I just finished a book that I have no memory of requesting at the library but that I feel incredibly lucky for having read.
Often, after perusing some of the various book reviews I try to lay my hands on regularly, I put in requests at the library. And sometimes when the book shows up on the shelf with my name sticker on it, I have a little moment of surprise having forgotten the title in the months since the request was originally placed. But usually once I crack the cover, I remember a fragment of the review or at least the source of the recommendation, whether it was paper, blog or human.
But I have no idea who recommended The Monsters of Templeton by Lauren Groff. Whoever it was: Thank you.
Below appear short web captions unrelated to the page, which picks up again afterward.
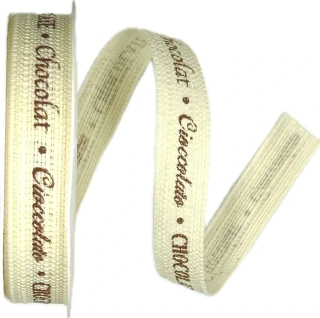 Stuha bavlněná s potiskem CHOCOLATE krémová 15mm x 2m (10,-Kč/m)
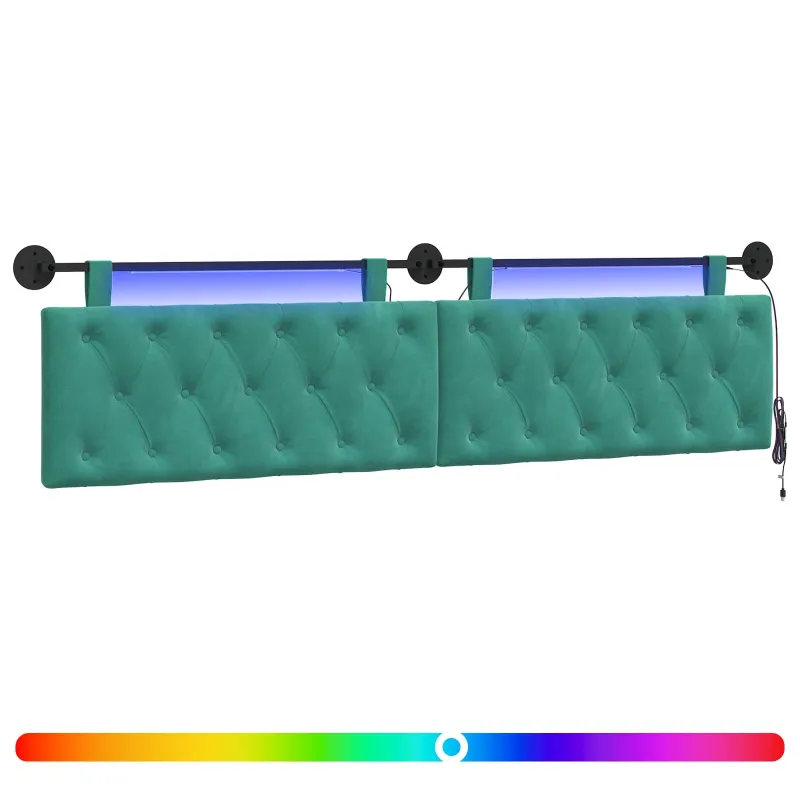 Pakabinamas lovos galvūgalis Su LED šviesa Turkio Aksomas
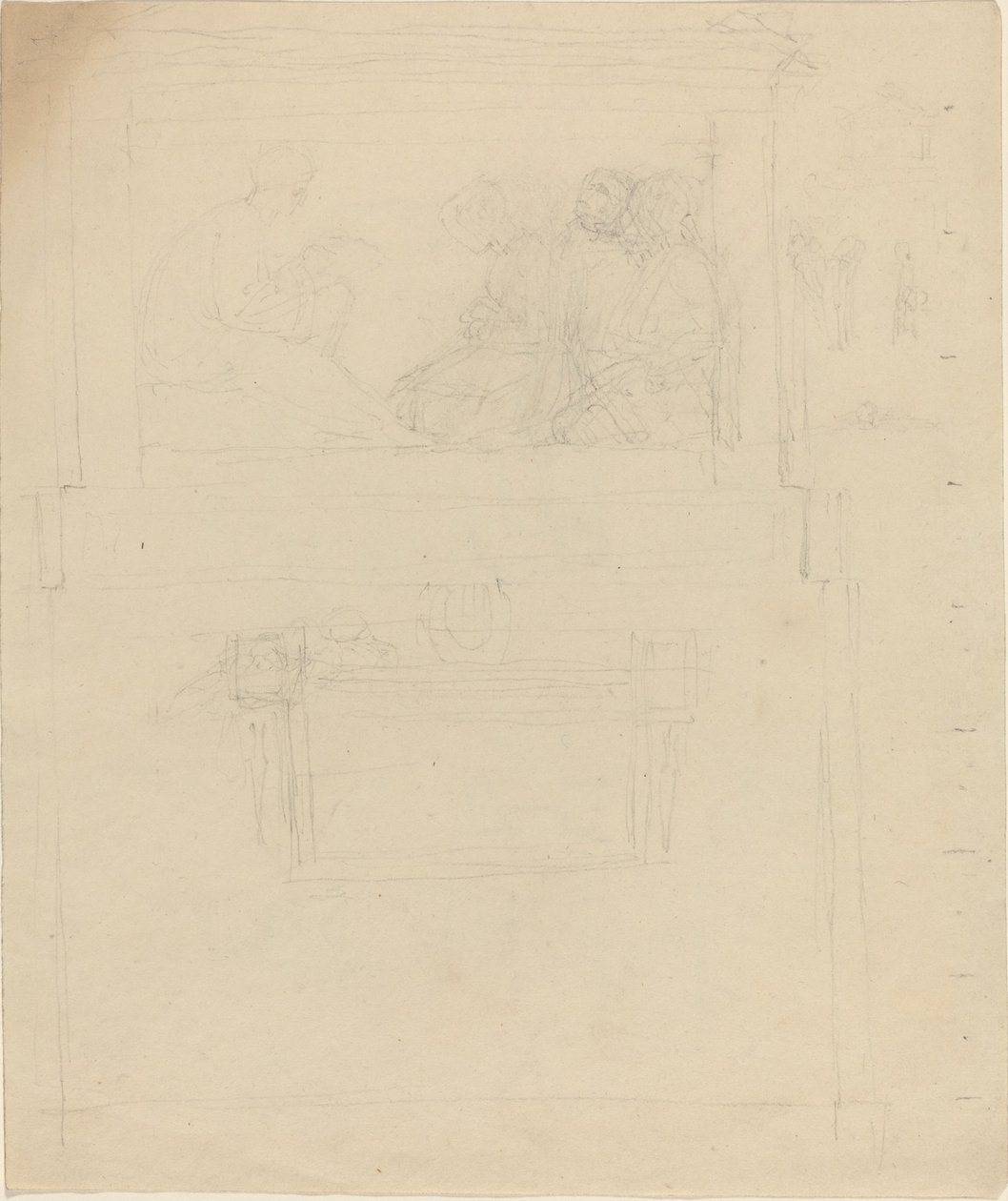 Ontwerpen voor een monument voor Sir William Jones (?) [recto en verso] door John Flaxman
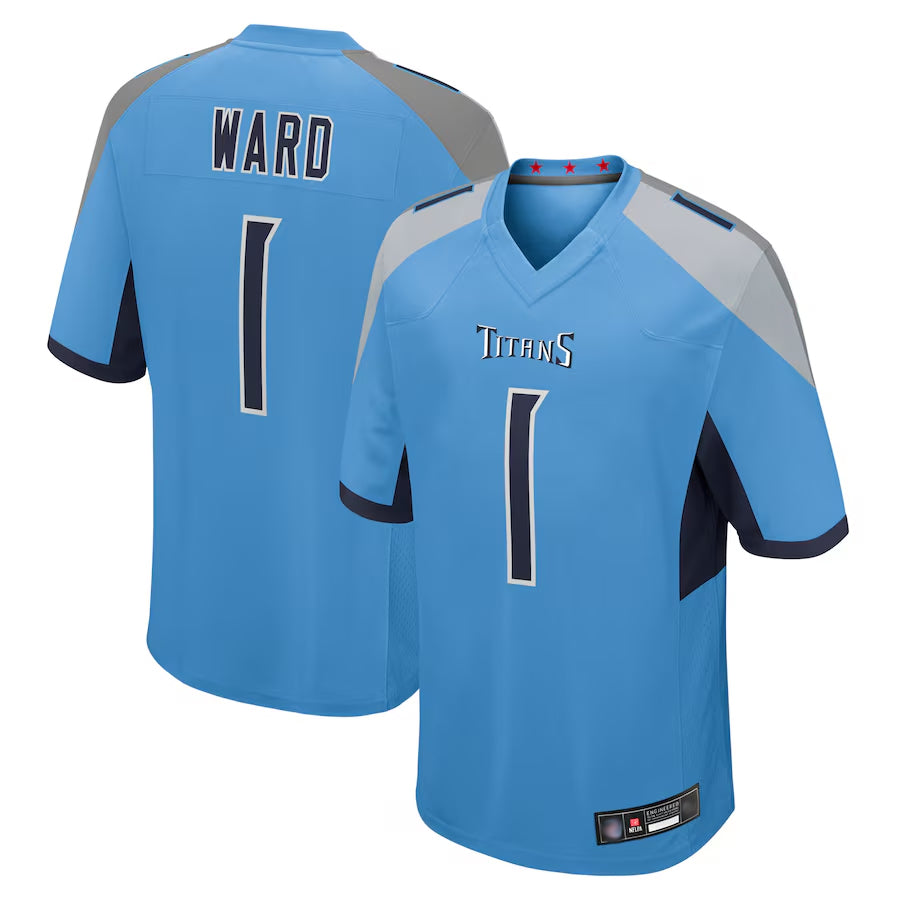 T.Titans #1 Cameron Ward Player Light Blue Game Football Jerseys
When I think that I could very easily have missed this book, I feel a little panicky.
This novel has so many facets that it is hard to summarize--the writing varies from the poetic musings of a 200 year-old lake monster, to an epistolary exchange between two peculiar 19th C women, to a straight forward tale of a contemporary girl looking for her roots. I suppose the thing that stands out the most for me is that the main character is a place rather than a person. The town of Templeton is revealed through all the different voices in the book, though clearly the drive for information lies in Willie Upton's research into her ancestors and thus the town's past.
I think it could have been very easy for the book to turn into an assembly of voices, sort of like Under Milkwood (and that probably would have been interesting too and Dylan Thomas isn't one to sniff at when you are comparing a writer's first book). But I'm glad that instead it decided to draw the portrait of the town through the genealogy of the people. I would bet that the author had to edit out some interesting sections and characters to focus on Maramaduke Temple's heirs but I'm also grateful that there was a traditional plot of discovery to follow along with the slow reveal of the town, present and past.
The book isn't flawless--there were a few little things I'd tweak in characterizations and plot details--but so what if it wasn't perfect. Reading this book made me very happy. And that is high praise indeed.